PROBLEM REQUIREMENTS: Up to and including the line that contains "بیماری |تغذیه بیماری |تغذیه", write out every line of the entries exactly, beginning with the first. Omit the pictures.

RECORDED DATA:
»»
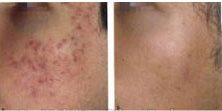 Hyperpigmentation cream for Malawian people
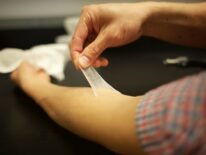 Buscan crear piel artificial para cicatrizar quemaduras graves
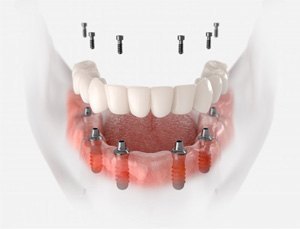 a 3D depiction of an implant denture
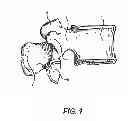 Fig. 02 - Facet joint prosthesis
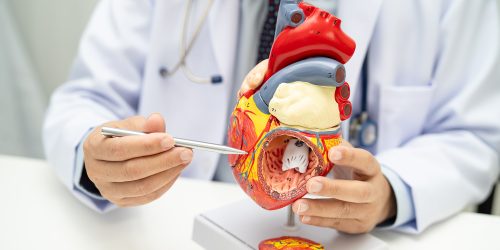 Cardiología avanzada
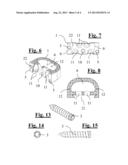 INTERVERTEBRAL IMPLANT WITH IMPROVED FASTENING SYSTEM FOR THE FIXING PLATE diagram and image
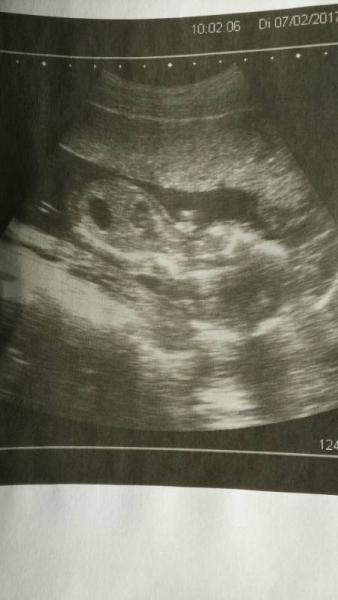Bild zu Vorab Ultraschall - Forum für Juli - Mamis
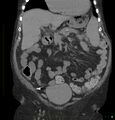 Acute renal failure post IV contrast injection- CT findings (Radiopaedia 47815-52557 Coronal non-contrast 15).jpg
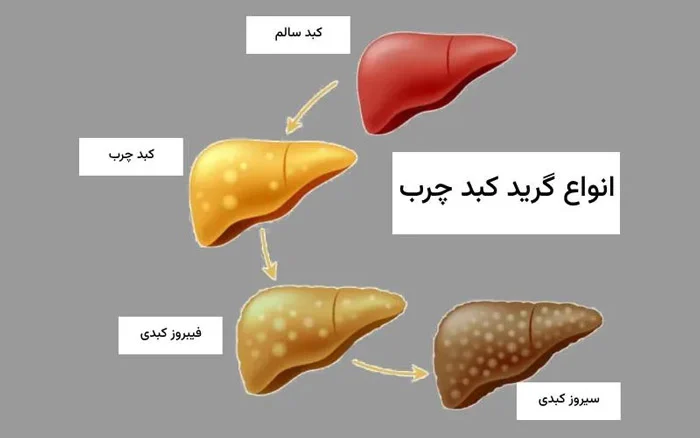 بیماری |تغذیه بیماری |تغذیه
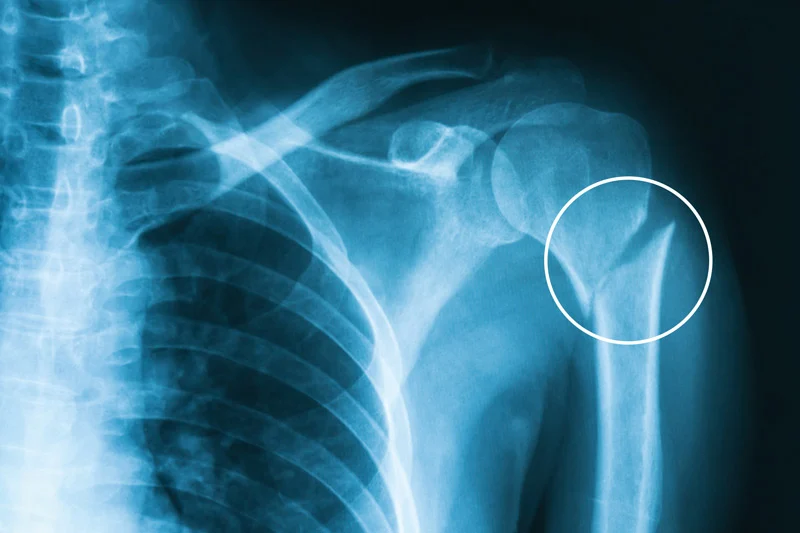 Proximal Humerus Fracture: Symptoms, Causes, and Treatment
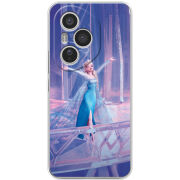 Чохол BoxFace Honor 400 Pro 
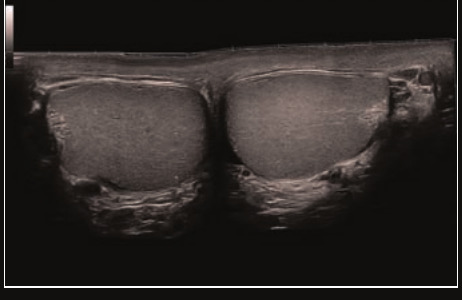 Mindray Resona I9 – Ultrasound System - Image 10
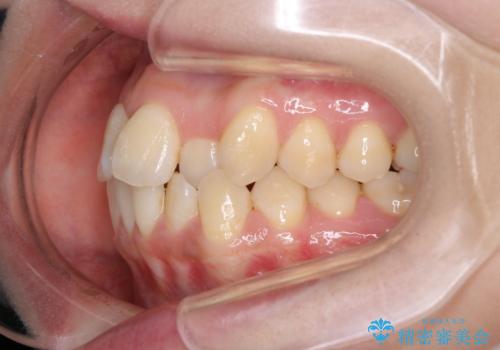 【ワイヤー矯正】前歯のがたつきを短期間で治したいの治療前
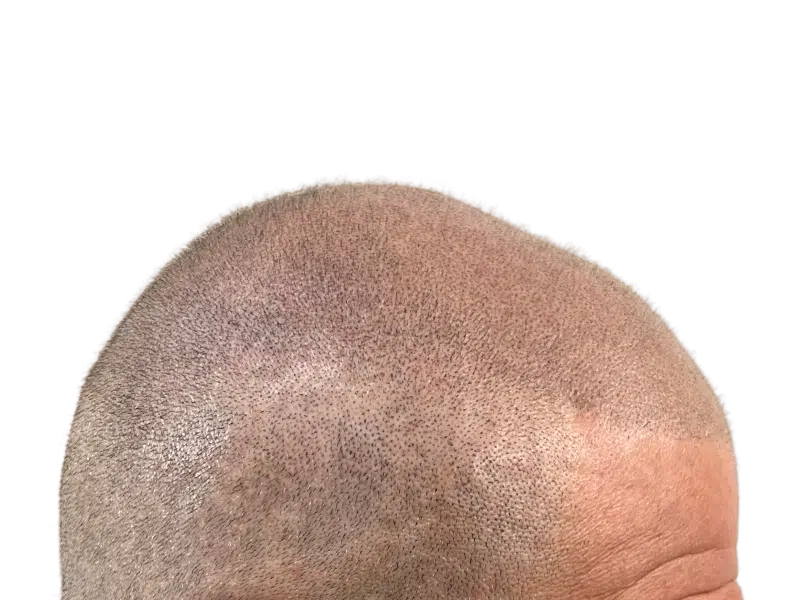 Hair transplant result: Close-up of scalp showing dense, even hair growth after restoration procedure. Successful hair restoration.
««
TASK ANSWER:
 Hyperpigmentation cream for Malawian people
 Buscan crear piel artificial para cicatrizar quemaduras graves
 a 3D depiction of an implant denture
 Fig. 02 - Facet joint prosthesis
 Cardiología avanzada
 INTERVERTEBRAL IMPLANT WITH IMPROVED FASTENING SYSTEM FOR THE FIXING PLATE diagram and image
Bild zu Vorab Ultraschall - Forum für Juli - Mamis
 Acute renal failure post IV contrast injection- CT findings (Radiopaedia 47815-52557 Coronal non-contrast 15).jpg
 بیماری |تغذیه بیماری |تغذیه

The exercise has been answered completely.